Poster boy for Information Governance

Years ago, while teaching a course to MBA students at Rice University, I used the Target credit card breach as a case study.  It touched a lot of bases.  Now we have a better one.

While there have been a lot of information governance-related stories in the news over the past two years, including Equifax and Facebook and VW and Wells Fargo, my nominee for the one name associated with the most significant teaching example in information governance and compliance is the former FBI Director, James Comey.

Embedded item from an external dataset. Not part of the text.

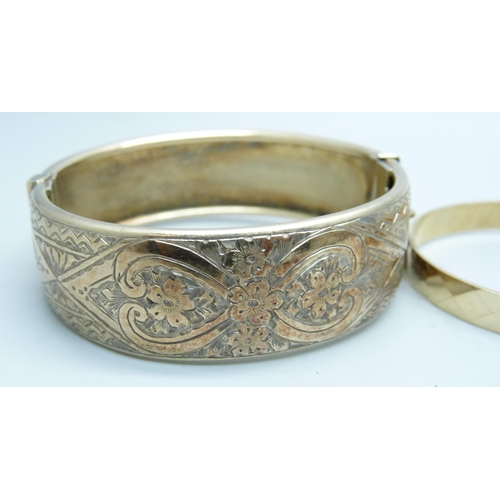 1112 - A silver gilt bangle and a 9ct gold metal core bangle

First, he gave us The Day That Information Governance Died, with his July 5, 2016 pronouncement that, notwithstanding her clear violations of several applicable legal laws dealing with the handling of confidential or secret information (and the destruction of information subject to a subpoena), Secretary Hillary Clinton’s use (and wiping) of a private server to store government email was not going to be prosecuted.  Such a pronouncement deviated “‘from well-established Department policies'” that the FBI does not comment about  ongoing criminal investigations.

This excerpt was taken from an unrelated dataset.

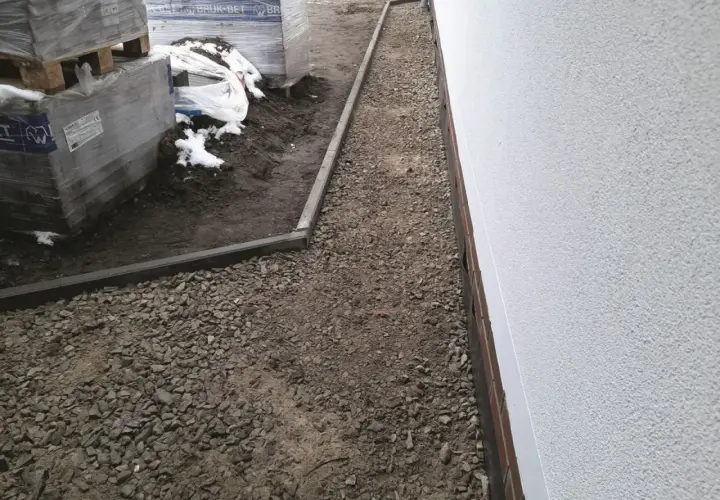 Niedokończony podjazd do domu, z paletami kostki brukowej i żwirem.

Then he wrote a memo ostensibly commemorating a meeting he had with his boss on government business on a government computer (while in a government vehicle) during the work day, and declared that that was his personal correspondence that he could (and did) distribute as he pleased.

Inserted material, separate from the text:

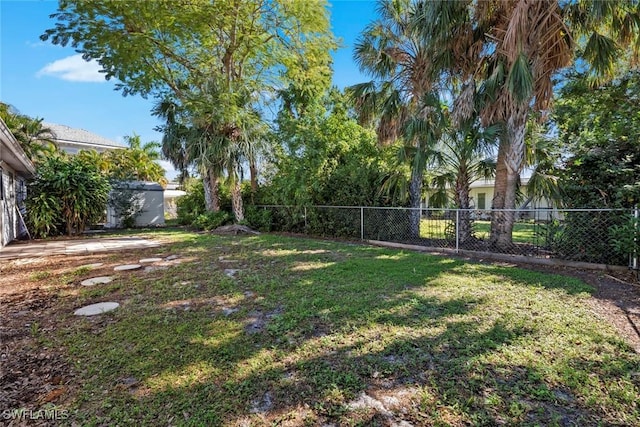 view of yard with a fenced backyard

And now we learn that he conducted government business over his own private gmail account {that information does not appear in the WSJ article – Ed.}, and actively avoid his boss’ oversight (and his bosses failed to adequately supervise him).  “Report Blasts FBI Agents, Comey Over Clinton Probe,” The Wall Street Journal, June 15, 2018 A1. Inspector General releases his report on the Clinton Investigation.

Recap:

  • Violations of law are not enforced
  • Evidence is destroyed notwithstanding a subpoena
  • Senior employees ignore long-standing policy
  • Senior employees treat documents prepared by them in the course of business as their personal information
  • Senior employees use private email accounts to transact government business
  • Employees hide things from their bosses
  • Bosses failed to adequately supervise their reports

And this is at the FBI, by a lawyer.

Does anyone wonder why we have a hard time getting traction on information governance initiatives?  Certainly an argument for an Information Governance case study of just the Clinton email investigation and its aftermath.  Not sure you could cover it all in one semester, at both law schools and business schools.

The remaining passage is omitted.